INPUT DATA

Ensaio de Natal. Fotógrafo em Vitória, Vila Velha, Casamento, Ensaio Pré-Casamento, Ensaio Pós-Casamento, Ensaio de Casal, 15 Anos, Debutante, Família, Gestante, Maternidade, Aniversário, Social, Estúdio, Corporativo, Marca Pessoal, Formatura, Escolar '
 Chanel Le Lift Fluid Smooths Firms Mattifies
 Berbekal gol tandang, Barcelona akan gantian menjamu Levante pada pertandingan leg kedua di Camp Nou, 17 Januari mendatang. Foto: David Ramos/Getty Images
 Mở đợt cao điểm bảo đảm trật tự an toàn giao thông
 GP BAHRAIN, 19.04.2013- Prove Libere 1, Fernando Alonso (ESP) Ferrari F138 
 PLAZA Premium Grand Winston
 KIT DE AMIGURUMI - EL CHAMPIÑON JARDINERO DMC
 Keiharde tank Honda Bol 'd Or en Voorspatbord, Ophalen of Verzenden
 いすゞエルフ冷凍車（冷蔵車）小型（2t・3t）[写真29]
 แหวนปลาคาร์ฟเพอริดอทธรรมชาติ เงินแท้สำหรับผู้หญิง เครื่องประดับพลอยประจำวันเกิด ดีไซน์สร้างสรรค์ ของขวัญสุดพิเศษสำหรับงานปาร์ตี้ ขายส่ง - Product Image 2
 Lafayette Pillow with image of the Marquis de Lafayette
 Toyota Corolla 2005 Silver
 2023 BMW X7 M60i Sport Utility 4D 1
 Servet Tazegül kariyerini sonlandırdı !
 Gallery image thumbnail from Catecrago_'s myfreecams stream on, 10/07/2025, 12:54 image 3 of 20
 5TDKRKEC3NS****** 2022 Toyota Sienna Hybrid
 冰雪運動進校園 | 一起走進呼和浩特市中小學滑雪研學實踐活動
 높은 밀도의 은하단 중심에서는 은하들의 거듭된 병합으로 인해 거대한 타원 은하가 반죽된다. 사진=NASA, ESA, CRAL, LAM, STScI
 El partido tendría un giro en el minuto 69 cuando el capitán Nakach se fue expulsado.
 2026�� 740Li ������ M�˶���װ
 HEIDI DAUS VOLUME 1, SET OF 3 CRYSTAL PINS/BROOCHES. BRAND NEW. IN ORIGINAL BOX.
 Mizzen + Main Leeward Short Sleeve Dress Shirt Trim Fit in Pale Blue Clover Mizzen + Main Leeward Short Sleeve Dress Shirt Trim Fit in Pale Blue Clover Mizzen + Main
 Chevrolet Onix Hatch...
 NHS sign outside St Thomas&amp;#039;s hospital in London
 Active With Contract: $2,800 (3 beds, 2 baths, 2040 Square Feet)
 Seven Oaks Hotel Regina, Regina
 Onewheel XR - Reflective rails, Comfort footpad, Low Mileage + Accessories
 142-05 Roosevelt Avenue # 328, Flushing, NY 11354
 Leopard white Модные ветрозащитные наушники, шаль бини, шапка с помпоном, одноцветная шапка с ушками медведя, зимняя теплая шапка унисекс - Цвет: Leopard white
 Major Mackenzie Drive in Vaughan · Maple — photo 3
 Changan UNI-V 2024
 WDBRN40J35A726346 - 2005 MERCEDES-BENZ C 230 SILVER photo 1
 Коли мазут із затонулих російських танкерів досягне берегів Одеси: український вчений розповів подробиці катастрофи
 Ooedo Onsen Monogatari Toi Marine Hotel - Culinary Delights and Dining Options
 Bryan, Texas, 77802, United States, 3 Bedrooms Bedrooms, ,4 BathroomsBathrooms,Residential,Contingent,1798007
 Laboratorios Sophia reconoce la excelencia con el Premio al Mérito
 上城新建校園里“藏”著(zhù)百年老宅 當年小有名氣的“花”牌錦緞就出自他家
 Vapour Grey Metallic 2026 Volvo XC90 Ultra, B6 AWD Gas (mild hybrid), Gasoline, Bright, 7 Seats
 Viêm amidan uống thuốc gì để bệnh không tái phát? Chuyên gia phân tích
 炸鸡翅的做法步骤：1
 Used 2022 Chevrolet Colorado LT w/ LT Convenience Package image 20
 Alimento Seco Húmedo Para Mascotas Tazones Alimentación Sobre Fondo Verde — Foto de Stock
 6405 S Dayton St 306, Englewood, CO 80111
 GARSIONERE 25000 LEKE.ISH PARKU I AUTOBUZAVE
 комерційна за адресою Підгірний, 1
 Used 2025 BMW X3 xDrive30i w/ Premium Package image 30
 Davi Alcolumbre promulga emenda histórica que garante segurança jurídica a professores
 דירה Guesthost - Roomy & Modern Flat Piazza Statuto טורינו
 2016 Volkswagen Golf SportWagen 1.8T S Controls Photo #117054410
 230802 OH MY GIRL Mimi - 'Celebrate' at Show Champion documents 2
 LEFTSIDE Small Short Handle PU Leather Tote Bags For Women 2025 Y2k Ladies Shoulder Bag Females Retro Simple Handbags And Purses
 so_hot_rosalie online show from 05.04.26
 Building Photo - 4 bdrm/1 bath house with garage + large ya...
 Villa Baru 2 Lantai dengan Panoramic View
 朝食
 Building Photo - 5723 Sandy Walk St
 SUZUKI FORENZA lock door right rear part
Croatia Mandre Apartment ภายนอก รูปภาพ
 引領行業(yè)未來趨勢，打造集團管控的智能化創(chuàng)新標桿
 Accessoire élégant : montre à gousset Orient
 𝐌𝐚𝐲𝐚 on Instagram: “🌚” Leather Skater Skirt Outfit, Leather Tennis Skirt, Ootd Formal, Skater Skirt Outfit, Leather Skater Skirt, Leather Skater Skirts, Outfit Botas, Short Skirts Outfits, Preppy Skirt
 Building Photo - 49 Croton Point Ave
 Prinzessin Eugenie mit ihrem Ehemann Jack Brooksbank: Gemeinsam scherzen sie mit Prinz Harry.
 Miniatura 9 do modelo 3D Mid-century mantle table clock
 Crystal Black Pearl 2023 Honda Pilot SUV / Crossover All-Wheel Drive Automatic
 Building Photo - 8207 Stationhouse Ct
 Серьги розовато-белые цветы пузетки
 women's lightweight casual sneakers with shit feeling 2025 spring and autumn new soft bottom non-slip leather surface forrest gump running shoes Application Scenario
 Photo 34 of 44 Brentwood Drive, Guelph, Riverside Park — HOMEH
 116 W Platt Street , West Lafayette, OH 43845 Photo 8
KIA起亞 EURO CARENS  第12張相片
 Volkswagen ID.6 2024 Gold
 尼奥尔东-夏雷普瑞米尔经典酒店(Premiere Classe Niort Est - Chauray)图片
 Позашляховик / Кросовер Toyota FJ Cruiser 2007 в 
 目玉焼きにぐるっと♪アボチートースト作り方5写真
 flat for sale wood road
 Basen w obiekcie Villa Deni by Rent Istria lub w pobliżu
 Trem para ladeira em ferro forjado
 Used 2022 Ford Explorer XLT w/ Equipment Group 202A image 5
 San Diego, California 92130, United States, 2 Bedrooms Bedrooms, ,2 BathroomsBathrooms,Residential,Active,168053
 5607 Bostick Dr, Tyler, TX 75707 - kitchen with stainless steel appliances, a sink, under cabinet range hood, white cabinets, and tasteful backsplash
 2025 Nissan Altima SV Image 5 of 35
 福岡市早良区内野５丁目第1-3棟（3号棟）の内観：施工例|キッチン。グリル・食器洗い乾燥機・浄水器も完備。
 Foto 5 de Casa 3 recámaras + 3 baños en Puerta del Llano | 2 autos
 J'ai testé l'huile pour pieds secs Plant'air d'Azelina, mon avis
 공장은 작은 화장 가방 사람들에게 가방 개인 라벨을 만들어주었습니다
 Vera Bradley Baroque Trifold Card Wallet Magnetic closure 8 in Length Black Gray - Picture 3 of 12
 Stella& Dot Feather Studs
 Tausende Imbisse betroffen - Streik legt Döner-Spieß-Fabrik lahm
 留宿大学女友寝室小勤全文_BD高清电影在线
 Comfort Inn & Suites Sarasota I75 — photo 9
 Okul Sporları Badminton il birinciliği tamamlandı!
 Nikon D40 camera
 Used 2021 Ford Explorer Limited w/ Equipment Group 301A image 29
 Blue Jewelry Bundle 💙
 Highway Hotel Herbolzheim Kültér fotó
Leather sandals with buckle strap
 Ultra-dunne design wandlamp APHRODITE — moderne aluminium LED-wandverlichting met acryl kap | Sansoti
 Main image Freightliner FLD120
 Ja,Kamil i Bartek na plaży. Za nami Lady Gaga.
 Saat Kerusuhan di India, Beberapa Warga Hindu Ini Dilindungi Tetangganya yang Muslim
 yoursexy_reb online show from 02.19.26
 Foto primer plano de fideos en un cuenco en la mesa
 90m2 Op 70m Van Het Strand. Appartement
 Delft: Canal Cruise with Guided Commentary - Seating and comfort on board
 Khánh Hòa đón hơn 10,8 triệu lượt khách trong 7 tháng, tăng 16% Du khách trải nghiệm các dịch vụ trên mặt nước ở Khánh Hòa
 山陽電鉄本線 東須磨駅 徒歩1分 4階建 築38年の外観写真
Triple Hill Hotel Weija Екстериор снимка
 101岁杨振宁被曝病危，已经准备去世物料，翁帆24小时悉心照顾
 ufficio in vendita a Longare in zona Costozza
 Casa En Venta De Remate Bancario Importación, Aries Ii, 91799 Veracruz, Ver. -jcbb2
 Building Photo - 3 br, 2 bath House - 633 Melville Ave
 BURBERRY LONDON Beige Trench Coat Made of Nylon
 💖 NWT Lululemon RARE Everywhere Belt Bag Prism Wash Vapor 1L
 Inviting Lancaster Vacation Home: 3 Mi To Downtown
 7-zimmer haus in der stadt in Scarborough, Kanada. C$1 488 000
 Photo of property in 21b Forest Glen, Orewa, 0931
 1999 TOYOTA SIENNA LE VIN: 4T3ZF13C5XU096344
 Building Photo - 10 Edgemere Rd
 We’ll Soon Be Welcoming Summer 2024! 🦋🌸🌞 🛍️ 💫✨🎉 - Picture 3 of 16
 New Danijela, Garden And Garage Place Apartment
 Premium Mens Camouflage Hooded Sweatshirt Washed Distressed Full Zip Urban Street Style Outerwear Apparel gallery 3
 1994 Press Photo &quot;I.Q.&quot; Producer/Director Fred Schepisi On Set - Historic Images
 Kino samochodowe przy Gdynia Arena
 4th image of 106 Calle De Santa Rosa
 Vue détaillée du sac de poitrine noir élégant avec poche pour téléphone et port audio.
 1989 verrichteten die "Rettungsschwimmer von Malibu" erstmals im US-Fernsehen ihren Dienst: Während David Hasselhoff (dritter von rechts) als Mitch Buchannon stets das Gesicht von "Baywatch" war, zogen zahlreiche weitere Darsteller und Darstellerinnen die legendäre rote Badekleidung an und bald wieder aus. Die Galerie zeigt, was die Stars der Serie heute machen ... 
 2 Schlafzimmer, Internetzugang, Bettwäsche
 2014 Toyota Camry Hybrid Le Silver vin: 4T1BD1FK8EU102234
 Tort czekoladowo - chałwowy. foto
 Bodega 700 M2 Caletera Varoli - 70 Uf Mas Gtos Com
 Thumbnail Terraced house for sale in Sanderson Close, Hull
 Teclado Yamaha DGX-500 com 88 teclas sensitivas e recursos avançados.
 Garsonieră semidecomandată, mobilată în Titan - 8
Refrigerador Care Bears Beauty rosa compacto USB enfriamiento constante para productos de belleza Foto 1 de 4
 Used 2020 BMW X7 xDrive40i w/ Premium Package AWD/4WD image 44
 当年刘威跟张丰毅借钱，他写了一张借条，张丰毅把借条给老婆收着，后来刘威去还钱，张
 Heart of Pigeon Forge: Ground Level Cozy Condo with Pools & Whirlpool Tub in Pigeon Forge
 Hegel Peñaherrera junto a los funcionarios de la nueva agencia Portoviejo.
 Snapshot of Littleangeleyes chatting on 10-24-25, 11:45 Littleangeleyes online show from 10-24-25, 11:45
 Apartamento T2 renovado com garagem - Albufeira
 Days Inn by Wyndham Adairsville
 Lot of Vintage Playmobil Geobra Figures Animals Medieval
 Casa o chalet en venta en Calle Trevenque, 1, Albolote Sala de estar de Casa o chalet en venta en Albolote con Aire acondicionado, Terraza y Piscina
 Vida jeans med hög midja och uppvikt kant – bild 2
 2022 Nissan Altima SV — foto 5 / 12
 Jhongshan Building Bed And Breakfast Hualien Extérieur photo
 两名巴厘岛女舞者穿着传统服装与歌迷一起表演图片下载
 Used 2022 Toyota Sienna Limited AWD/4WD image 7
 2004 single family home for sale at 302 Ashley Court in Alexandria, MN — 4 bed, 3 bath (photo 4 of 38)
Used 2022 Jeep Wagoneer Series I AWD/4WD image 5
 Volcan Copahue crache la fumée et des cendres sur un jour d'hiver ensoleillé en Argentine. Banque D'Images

EXERCISE DETAILS
Filter the records above and return every line that holds the word "Ford".

TASK RESPONSE
 Used 2022 Ford Explorer XLT w/ Equipment Group 202A image 5
 Used 2021 Ford Explorer Limited w/ Equipment Group 301A image 29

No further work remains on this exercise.